■ **Work order**:
In the answer, every entry must appear exactly as given.
↓
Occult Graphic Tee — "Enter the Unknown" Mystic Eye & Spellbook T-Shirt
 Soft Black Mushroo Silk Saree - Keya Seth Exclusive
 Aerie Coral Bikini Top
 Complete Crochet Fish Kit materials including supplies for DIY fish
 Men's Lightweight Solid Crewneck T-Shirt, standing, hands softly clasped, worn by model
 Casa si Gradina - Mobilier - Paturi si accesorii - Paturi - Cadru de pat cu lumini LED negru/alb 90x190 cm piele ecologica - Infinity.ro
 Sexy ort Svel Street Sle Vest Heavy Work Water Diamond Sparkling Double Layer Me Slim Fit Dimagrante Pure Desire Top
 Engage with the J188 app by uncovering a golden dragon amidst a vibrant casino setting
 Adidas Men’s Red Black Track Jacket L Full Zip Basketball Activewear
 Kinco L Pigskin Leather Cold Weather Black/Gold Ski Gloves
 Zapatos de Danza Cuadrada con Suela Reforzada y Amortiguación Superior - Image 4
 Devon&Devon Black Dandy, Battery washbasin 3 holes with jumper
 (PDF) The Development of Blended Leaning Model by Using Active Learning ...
↑
■ **Result for this exercise**:
Occult Graphic Tee — "Enter the Unknown" Mystic Eye & Spellbook T-Shirt
 Soft Black Mushroo Silk Saree - Keya Seth Exclusive
 Aerie Coral Bikini Top
 Complete Crochet Fish Kit materials including supplies for DIY fish
 Men's Lightweight Solid Crewneck T-Shirt, standing, hands softly clasped, worn by model
 Casa si Gradina - Mobilier - Paturi si accesorii - Paturi - Cadru de pat cu lumini LED negru/alb 90x190 cm piele ecologica - Infinity.ro
 Sexy ort Svel Street Sle Vest Heavy Work Water Diamond Sparkling Double Layer Me Slim Fit Dimagrante Pure Desire Top
 Engage with the J188 app by uncovering a golden dragon amidst a vibrant casino setting
 Adidas Men’s Red Black Track Jacket L Full Zip Basketball Activewear
 Kinco L Pigskin Leather Cold Weather Black/Gold Ski Gloves
 Zapatos de Danza Cuadrada con Suela Reforzada y Amortiguación Superior - Image 4
 Devon&Devon Black Dandy, Battery washbasin 3 holes with jumper
 (PDF) The Development of Blended Leaning Model by Using Active Learning ...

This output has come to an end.